USEFUL FACTS: SHOPPING
 
    Top What and where:

    At the Kenyan shops and flea markets you will find all kinds of items that will do a nice souvenir of your trip. Most of the items displayed at the tourist shops are industrially produced copies, but anyway they are decorative. But do not pay them as handcrafts.

    The opening times for shops are from 9 AM to 5:30 PM, Monday to Friday, closing for lunch from 1 to 2 PM. On Saturdays, shops are open from 9 AM to 1:30 PM. The shops at the lodges usually have their opening times adapted to the times of the day at which guests stick around.
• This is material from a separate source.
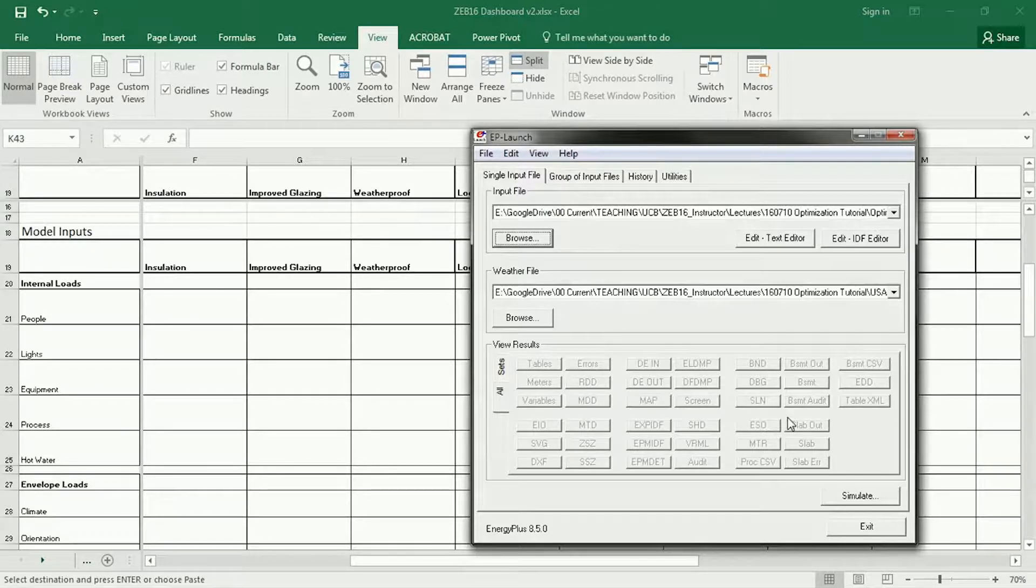In this tutorial I'm going to show you how to quickly enter your optimization suites into EnergyPlus, simulate it, and then post-process the results in Excel.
    In general, prices of all articles for tourists are high. The best prices can be found at the airport shops and from the people at the parks gates, especially Maasai women at Sekenani Gate, Masai Mara (only for bracelets and other beadworks, the rest has no interest). Shops at some lodges and flea markets usually have reasonable prices as well. Prices are higher at hotels and stores in Nairobi, and above all, at the road dukas or curio shops. If you travel in a group with a driver you won't get away without calling at the dukas that pay a commission to the driver. Prices here are not simply high, rather sky high. Of course, bargaining is mandatory, but even so, save your money for the places mentioned above, where you will find the very same items at much lower prices. If the duka is located by a soda kiosk, the best way to make use of the stop is to have a fresh drink, or simply stretch your legs.
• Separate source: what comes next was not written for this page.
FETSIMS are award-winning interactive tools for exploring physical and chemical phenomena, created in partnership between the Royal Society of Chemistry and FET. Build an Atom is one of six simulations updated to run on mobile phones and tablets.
    Wood carvings are the most popular objects. From the small animal wooden shapes, coarse and worthless but nice anyway, to the costly black ebony carvings of the Tanzanian makonde art, with prohibitive prices. Makonde has two main trends, the traditional one which represents human figures, daily labours or animals, and a modern trend specialising in abstract slender shapes. Concerning ebony, check its authenticity not to pay a pig in a poke, picaresque is in the air and sometimes ordinary wood is stained black with shoe polish. Ebony is heavier than fakes, but just in case ask the retailer to scratch the base of the carving with a knife to check that the wood is also black inside. Sellers use this same procedure to check the goods they buy. Don't forget to check that it is a single piece, sometimes stained wood carvings are mounted on ebony bases to pass the "scratch test".

    Among the wood carvings, you will find some masks. In general, East African ethnic groups haven't cultured this art to an extent similar to Central and West African tribes. However, extensive tourism development in Kenya has allowed the spreading of other countries' masks through Kenyan retailers. Two good examples are the shop at Mount Kenya Safari Club and a store specialising in handcraft opposite to Mombasa Serena Beach hotel. In both cases, prices are high.
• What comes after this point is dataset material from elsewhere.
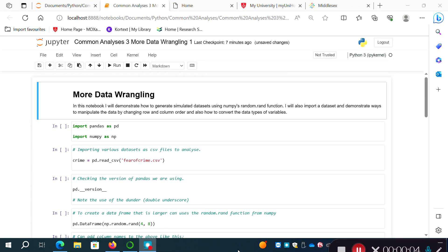Hi everyone, welcome back. This is another quick video showing you how to wrangle data, how to clean and tidy up datasets using Python and the pandas and numpy software libraries. I'm working in Jupyter notebook. I'll show you how to generate a simulated dataset — create a pandas DataFrame with fake data using numpy's random.rand function — and I'll also import a dataset from a CSV file.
    In some places you will find clay figures, mainly busts of tribal chiefs. The great detail they show makes them real portraits.

    Stone carvings are very frequent, specially representing animals and household. Malachite, turquoise, coral and soapstone are the most used materials. These stones are also used for jewellery.

    In all the shops you will find plenty of beadwork, including the typical Maasai bracelets and necklaces, made with coloured beads. Most of them are industrially produced. At the parks' gates in the Maasai Land, specially in Masai Mara and Amboseli, native women themselves offer their goods while you arrange the entry formalities with the rangers. Copper is the metal most commonly used for beadwork. If someone tries to sell elephant hair bracelets, you must know that all of them are fakes. If they were authentic they would be banned. If you are lucky enough, they will be made up of cow horns' splinters, stained and braided. If not, expect simple plastic. Formerly the fakes were manufactured with straw, reason why still some retailers attempt to proof their authenticity putting the bracelet over a flame. The ones sold today are equally fakes but at least they won't burn.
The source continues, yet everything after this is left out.